消費が今ひとつ盛り上がらないと言われる中で、大阪がひとり気を吐いている。
日本百貨店協会が1月23日に発表した全国百貨店売上高(店舗数調整後)では、大阪地区の売り上げが前年同月比12カ月連続でプラスを続け、2017年1月から12月の累計では、6.6%の増加となった。
全国平均は0.1%の増加だったから、そのすさまじさが分かる。ちなみに東京は0.5%増、名古屋は0.4%減だった。
大阪の百貨店売り上げは2017年1月から前年同月比プラスに転じ、6月には同7.3%増、9月には13.9%増を記録するなど、好調ぶりが目立った。
この結果、百貨店売上高全体に占める大阪地域の割合は13.6%にまで上昇、東京の27.0%に次ぐ規模に。
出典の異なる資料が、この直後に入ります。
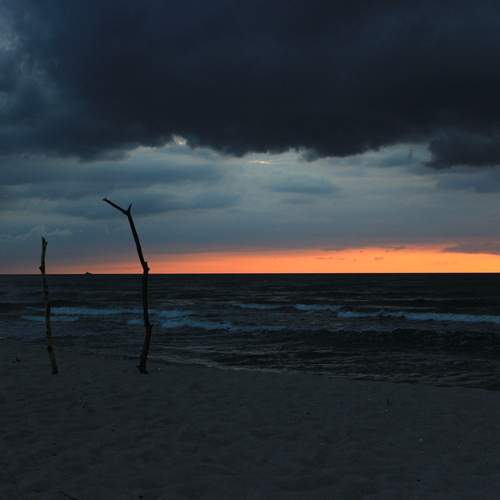 Photo #12065321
東京の「10分の1経済」などといわれて久しいが、百貨店売り上げだけで見る限り「商都復活」といった趣きなのだ。
ずばり、外国人観光客による「インバウンド消費」の急増が百貨店の売上増に直結している。
産経新聞が大阪観光局の推計として報じたところによると、2017年に大阪府を訪れた訪日外国人客は1100万人。その消費額は1兆1731億円にのぼったという。消費額は3年前に比べて4倍になったというから、大阪の消費底上げに大きく貢献している。
日本政府観光局(JNTO)の推計による日本全体での訪日外国人は、2017年1年間で2869万人だったので、3人に1人が大阪を訪れた計算になる。
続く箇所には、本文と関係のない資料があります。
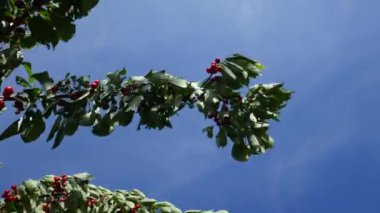 Tatlı kiraz (Prunus avium) ağaç dalları yazın olgunlaşmış kırmızı meyvelerle doludur, ayrıca gean veya kuş kirazı olarak da bilinir.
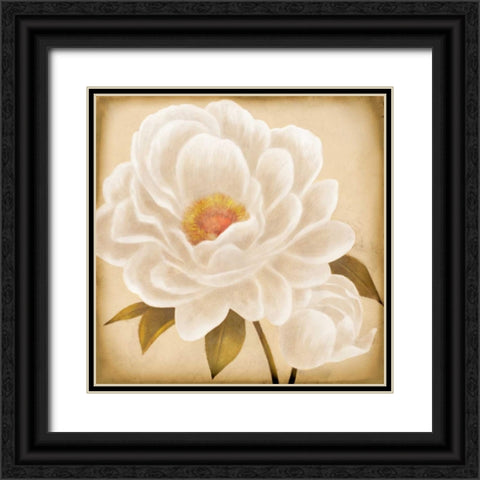 White Peonies I Black Ornate Wood Framed Art Print with Double Matting by Rhyan, Vivien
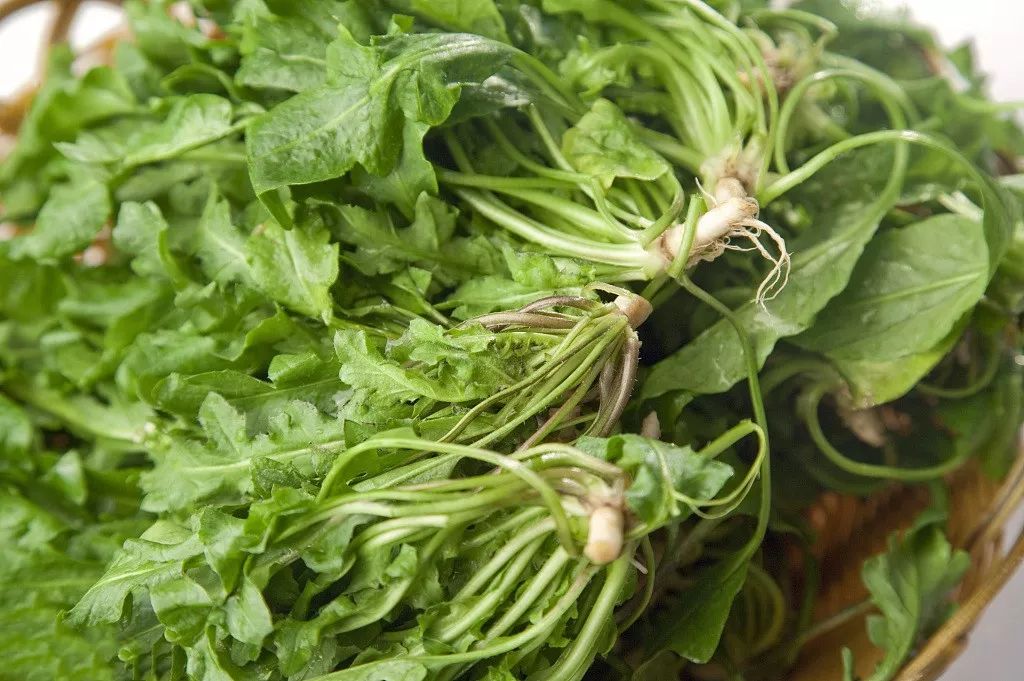 春天十大黄金野菜,中医养生必吃的9种食物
訪日外国人とくに中国人によるインバウンド消費が、日本の消費を下支えしているのは間違いないが、なぜ、大阪なのか。
ひとつは「足の便」。
関西国際空港に格安航空会社(LCC)専用のターミナルができるなど、LCC便の数が大きく増えたことが背景にあるとみられる。また、香川・高松空港など周辺の空港でもチャーター便などの発着増が増えており、周遊客が大阪を訪れやすくなっているとみられる。
だが、一方で、人数増だけでは説明ができない点もある。地域別百貨店売上高の年間データで、大阪以外の関西エリアの業績がパッとしないのである。京都は0.1%減だし、神戸に至っては9.4%減である。やはり「大阪」人気が盛り上がっているのだ。